We should produce the same code in the two loops unsigned short *q; #define NOSB 10 int last; void h1() { int i; for (i=0;i<last+NOSB;i++) { q[i] = 0; } } ----- unsigned short q[100]; #define NOSB 10 int last; void h1() { int i; for (i=0;i<last+NOSB;i++) { q[i] = 0; } } For the array one we produce: L4: sth r0,0(r2) addi r2,r2,2 bdnz L4 which is optimial but for the pointer one we produce: L4: slwi r2,r9,1 addi r9,r9,1 sthx r0,r2,r11 bdnz L4 which sucks as we have tree instructions in the loop instead of two. I think this is a place where IV-OPTS is failing.
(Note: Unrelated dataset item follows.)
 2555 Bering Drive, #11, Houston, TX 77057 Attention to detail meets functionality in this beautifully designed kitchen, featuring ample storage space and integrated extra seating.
Note with powerpc64 we get much worse than array case which stays the same: L4: sldi r2,r9,1 addi r0,r9,1 sthx r10,r2,r11 extsw r9,r0 bdnz L4
Rewritting the code this way, shows how we ahould be optimizing the code: void h() { int i; unsigned short *q1 = q; for (i=0;i<last+NOSB;i++) { *q1 = 0; q1++; } }
It is not what I thought it was. The array case is optimized at the tree level, the pointer case is optimized at the rtl level.
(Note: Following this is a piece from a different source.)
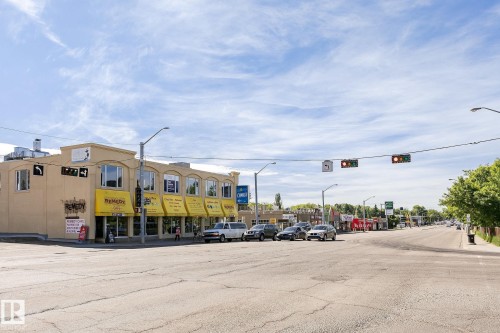 10918 84 Avenue, Edmonton, AB - Outdoor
The problem seems to be that licm does not move load of q from the loop. Ivopts then do not recognize q + 2*i as induction variable, and thus they are optimizing it not like an address of memory reference, but just like a computation of 2*i, for which it obviously does not make sense to perform strength reduction.
Patch here which should fix not pulling the load of q out of the loop: http://gcc.gnu.org/ml/gcc-patches/2004-11/msg00957.html Then the only thing left is for IV-OPTS to be fixed.
Subject: Re: Code for arrays and pointers are not the same > Patch here which should fix not pulling the load of q out of the loop: > http://gcc.gnu.org/ml/gcc-patches/2004-11/msg00957.html > > Then the only thing left is for IV-OPTS to be fixed. no -- once this is done, ivopts work just fine, producing the same code as for array access.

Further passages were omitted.